Um das Blatt zu wenden, wechselte die US-Regierung zu einer Strategie, wie sie 2007/08 schon einmal Früchte trug, unter dem Kommando des seinerzeit gefeierten Generals David Petraeus . Eine Personalie steht sinnbildlich dafür: US-Präsident Barack Obama ernannte John Allen, einen engen Vertrauten von Petraeus, zum Sonderbeauftragten mit dem Auftrag, breite Koalitionen zu schmieden. Allen hatte es einst geschafft, in der Provinz Al-Anbar ein Netzwerk mit sunnitischen Stammesältesten zu knüpfen. Als sich die Stämme mit dem irakischen Zweig von Al-Qaida überwarfen, schlossen sie ein Zweckbündnis mit Washington . In der Folge gingen Attacken auf US-Soldaten um 80 Prozent zurück.

Nun soll Allen dieses Kunststück wiederholen. Der Ansatz schien logisch, stützen sich die IS-Fanatiker doch auf dieselben Sunniten , mit denen Petraeus' Generäle damals einen Burgfrieden schlossen - und die al-Maliki dann ins Abseits drängte. Den Unterschied zu damals bringt Audrey Kurth Cronin, Anti-Terror-Spezialistin an der George Mason University, auf den Punkt: Washington könne die Herzen und Hirne der Sunniten nicht mehr gewinnen, weil al-Maliki sie gründlich verprellt habe. Gar nicht zu reden davon, dass das US-Militär nur noch mit rund 3000 Beratern im Irak präsent sei .

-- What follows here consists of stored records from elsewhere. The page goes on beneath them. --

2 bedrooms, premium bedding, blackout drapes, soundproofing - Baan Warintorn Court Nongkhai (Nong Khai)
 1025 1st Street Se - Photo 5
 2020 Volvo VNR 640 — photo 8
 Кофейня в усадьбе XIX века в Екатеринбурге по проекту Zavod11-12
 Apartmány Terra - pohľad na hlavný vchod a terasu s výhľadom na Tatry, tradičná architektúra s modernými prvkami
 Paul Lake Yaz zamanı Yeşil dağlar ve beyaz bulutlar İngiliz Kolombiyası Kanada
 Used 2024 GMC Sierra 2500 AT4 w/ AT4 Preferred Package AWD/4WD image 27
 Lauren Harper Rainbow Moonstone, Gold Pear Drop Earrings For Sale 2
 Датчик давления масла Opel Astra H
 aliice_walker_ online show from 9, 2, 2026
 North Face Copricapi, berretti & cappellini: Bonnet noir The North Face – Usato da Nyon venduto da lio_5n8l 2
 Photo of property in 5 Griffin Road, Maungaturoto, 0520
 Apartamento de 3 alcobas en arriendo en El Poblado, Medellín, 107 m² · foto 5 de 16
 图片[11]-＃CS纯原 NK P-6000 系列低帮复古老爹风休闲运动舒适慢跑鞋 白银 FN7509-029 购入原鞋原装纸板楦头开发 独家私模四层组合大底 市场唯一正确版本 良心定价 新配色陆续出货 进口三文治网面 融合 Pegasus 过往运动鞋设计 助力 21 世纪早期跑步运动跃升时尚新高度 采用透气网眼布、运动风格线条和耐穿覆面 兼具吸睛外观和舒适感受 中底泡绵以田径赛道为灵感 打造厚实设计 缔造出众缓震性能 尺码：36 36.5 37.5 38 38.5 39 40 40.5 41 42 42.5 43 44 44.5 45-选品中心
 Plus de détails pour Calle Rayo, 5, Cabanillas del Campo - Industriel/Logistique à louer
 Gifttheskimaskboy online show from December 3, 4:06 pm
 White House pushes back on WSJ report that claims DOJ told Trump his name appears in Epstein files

Republikanische Falken beantworten das Dilemma mit der Forderung, wieder Bodentruppen ins Zweistromland zu beordern. Szenarien mit bis zu 20 000 Mann machen die Runde. Als Wortführer der Interventionisten plädiert der Senator John McCain für die Entsendung von "Special Forces", die mit den Irakern direkt in die Gefechte gegen IS ziehen sollen. Der Präsident sieht das grundlegend anders: Weder könne eine fremde Macht die Kastanien aus dem Feuer holen, noch könne sie stellvertretend für die Iraker die nötigen politischen Kompromisse schließen, meint Obama. In der Zeitschrift "The Atlantic" erklärte er neulich die Lerneffekte aus der Irak-Invasion von 2003. "Einfach reingehen, die bösen Buben ausschalten und hoffen, dass sich Frieden und Wohlstand automatisch entfalten - dass dies ein Irrglaube ist, sollten wir längst begriffen haben", stellte der Präsident klar.